Work order | What you return must match, exactly, the lines running from the one containing "Brgini Selebrasi Messi di PES 2022 PS2" to the end of the data, both included, and must contain no pictures.

Extracted records |
/---
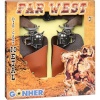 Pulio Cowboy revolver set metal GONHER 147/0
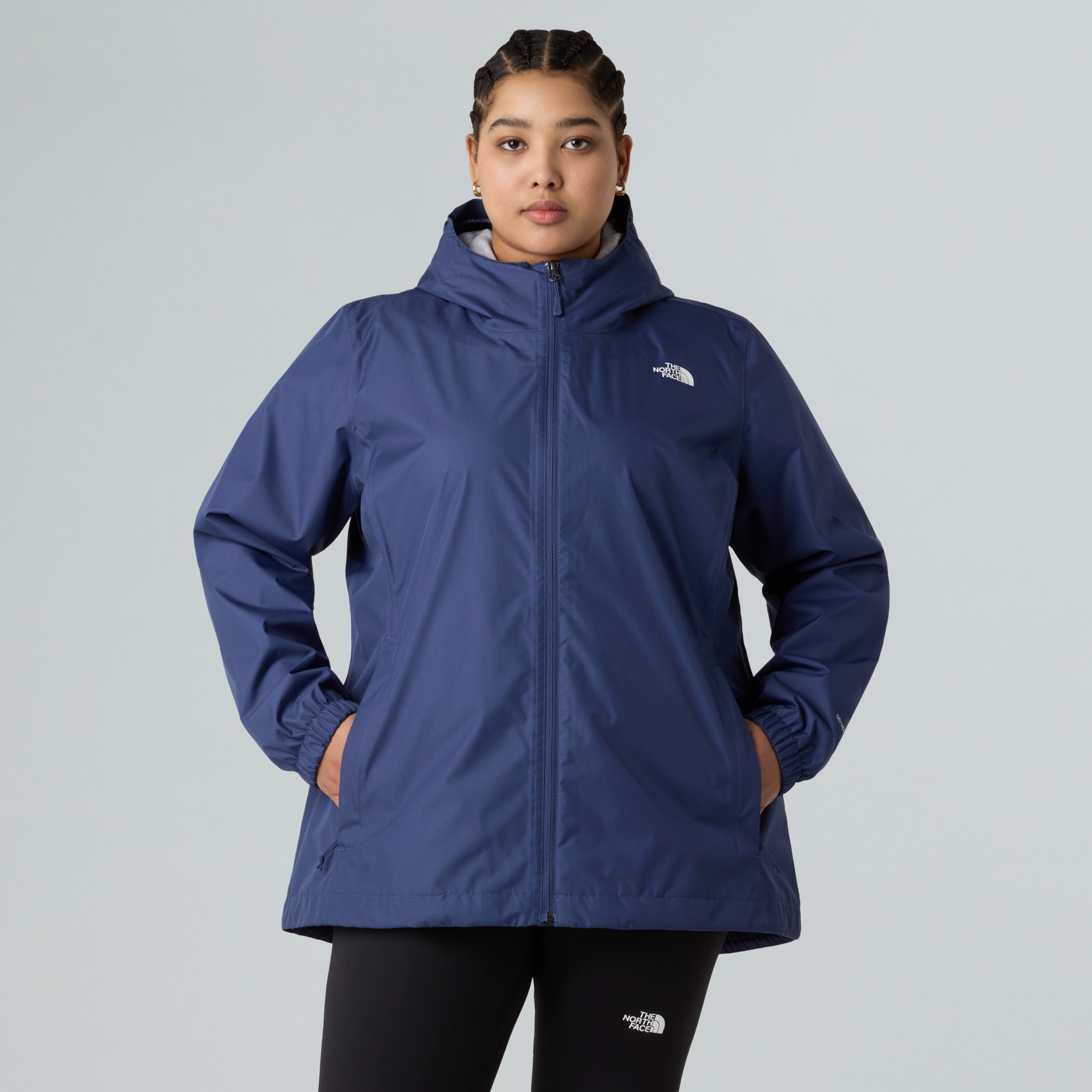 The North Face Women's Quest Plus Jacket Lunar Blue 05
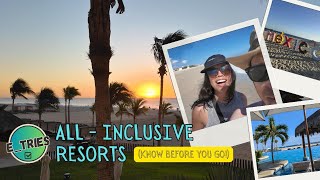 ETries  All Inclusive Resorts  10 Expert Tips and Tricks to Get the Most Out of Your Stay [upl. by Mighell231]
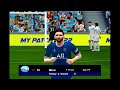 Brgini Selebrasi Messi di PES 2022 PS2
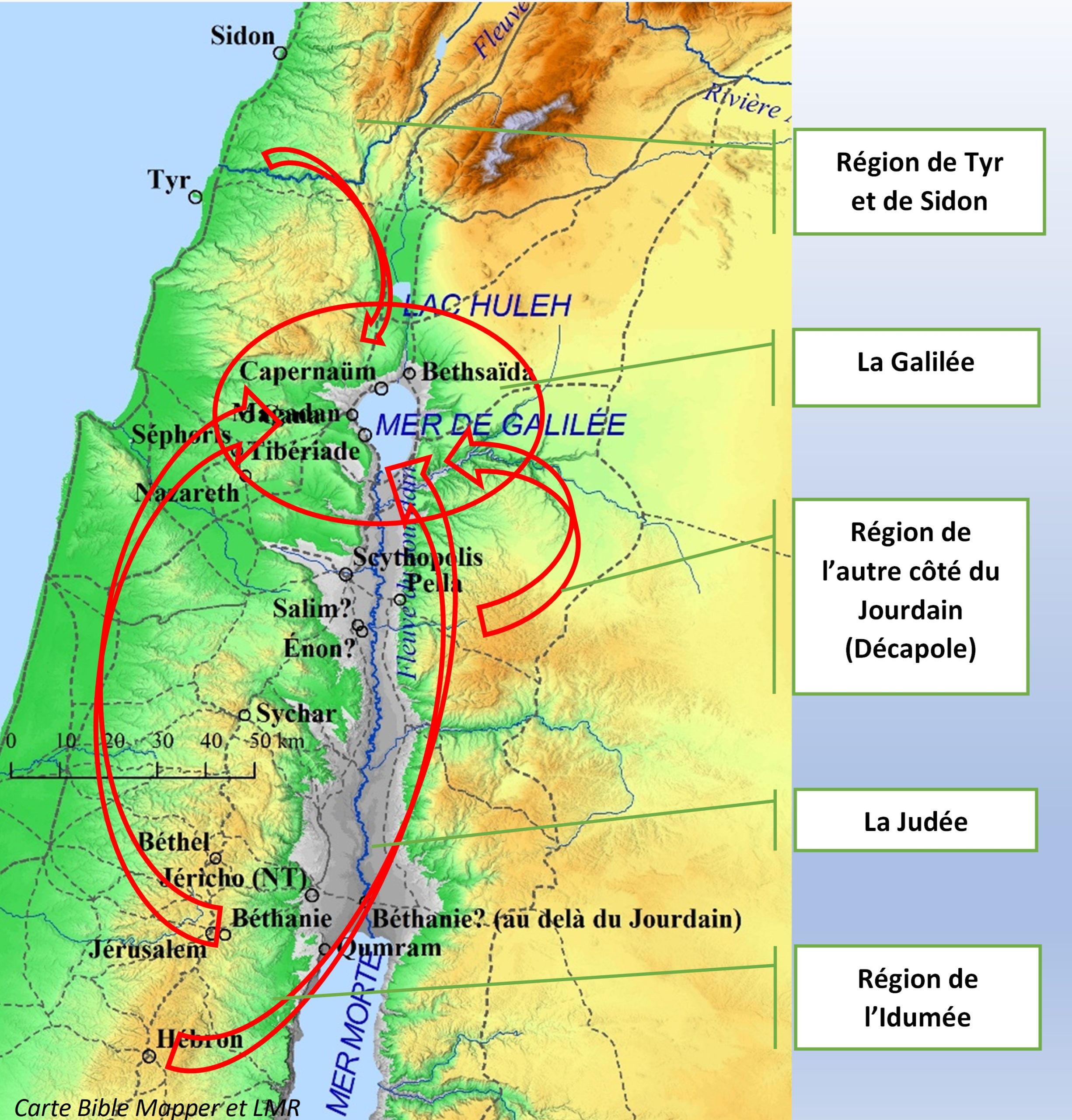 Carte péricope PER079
\---
Finished exercise |
 Brgini Selebrasi Messi di PES 2022 PS2
 Carte péricope PER079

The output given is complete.